**Your assignment:**
Copy every entry exactly as it stands, though any image it holds should stay out of the copy.

=== Section Start ===

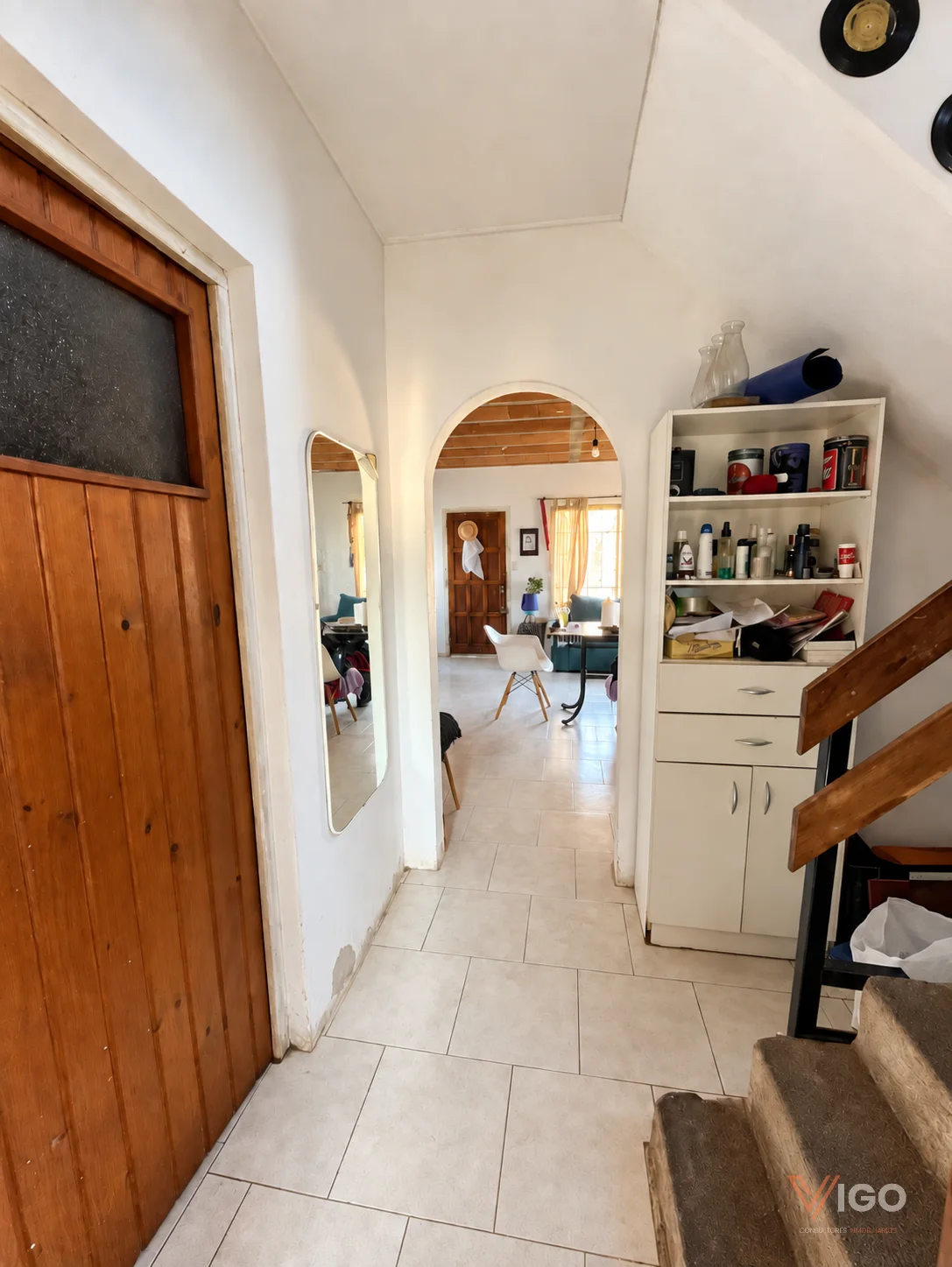 Casa en venta en Jardín de Peralta Ramos, imagen 8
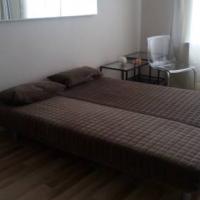 Hotelfotos Studio on Khoshimina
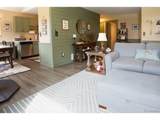 51 Copper Mountain Rd - Photo 13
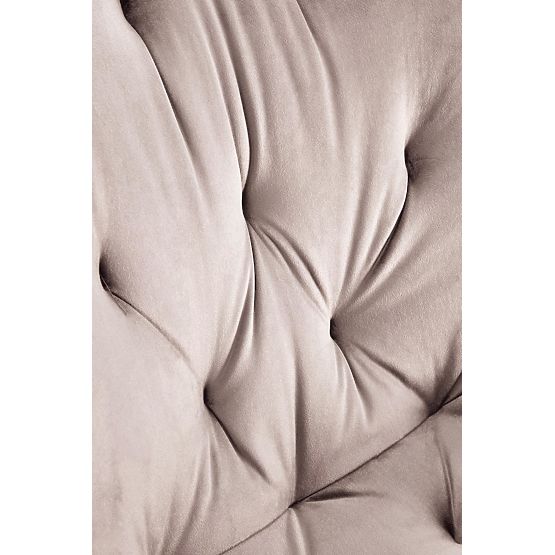 Sedia K519 beige (1p=2pz)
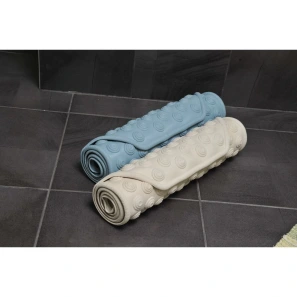 Tapis de Bain Extra Long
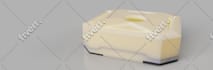 make 3d design with inventor, solidworks and fusion 360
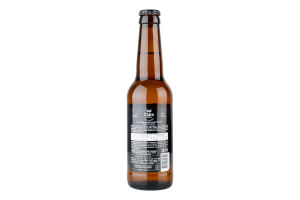 Сидр 330мл 5% сладкий газированный купажный Яблочный с грушей Cidre Royal бут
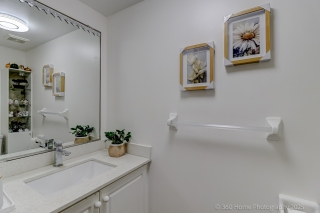 576 Pinder Ave, Newmarket, ON L3X 2A3, Canada, ,  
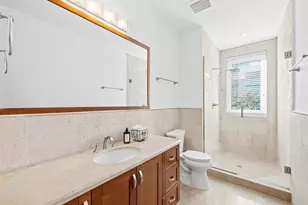 516 Hendricks Isle, Fort Lauderdale, FL 33301 - Photo 25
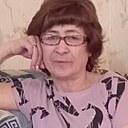 Знакомства: Марья, 57 лет, Усолье-Сибирское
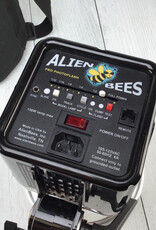 Alien Bees Alien Bees B800 Flash Used Fair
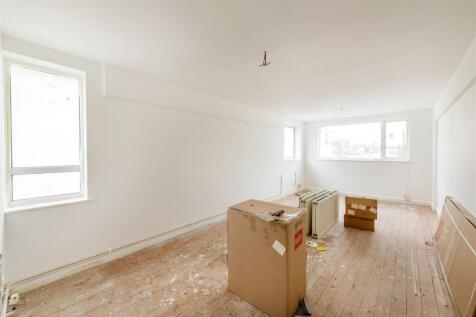 3 College Place -8.jpg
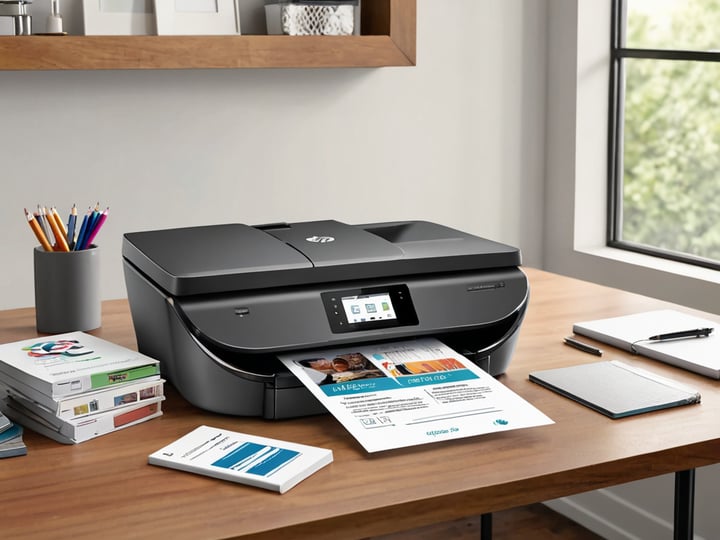 Hp-Officejet-Pro-8035e-6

=== Section End ===

**Exercise solution:**
 Casa en venta en Jardín de Peralta Ramos, imagen 8
 Hotelfotos Studio on Khoshimina
 51 Copper Mountain Rd - Photo 13
 Sedia K519 beige (1p=2pz)
 Tapis de Bain Extra Long
 make 3d design with inventor, solidworks and fusion 360
 Сидр 330мл 5% сладкий газированный купажный Яблочный с грушей Cidre Royal бут
 576 Pinder Ave, Newmarket, ON L3X 2A3, Canada, ,  
 516 Hendricks Isle, Fort Lauderdale, FL 33301 - Photo 25
 Знакомства: Марья, 57 лет, Усолье-Сибирское
 Alien Bees Alien Bees B800 Flash Used Fair
 3 College Place -8.jpg
 Hp-Officejet-Pro-8035e-6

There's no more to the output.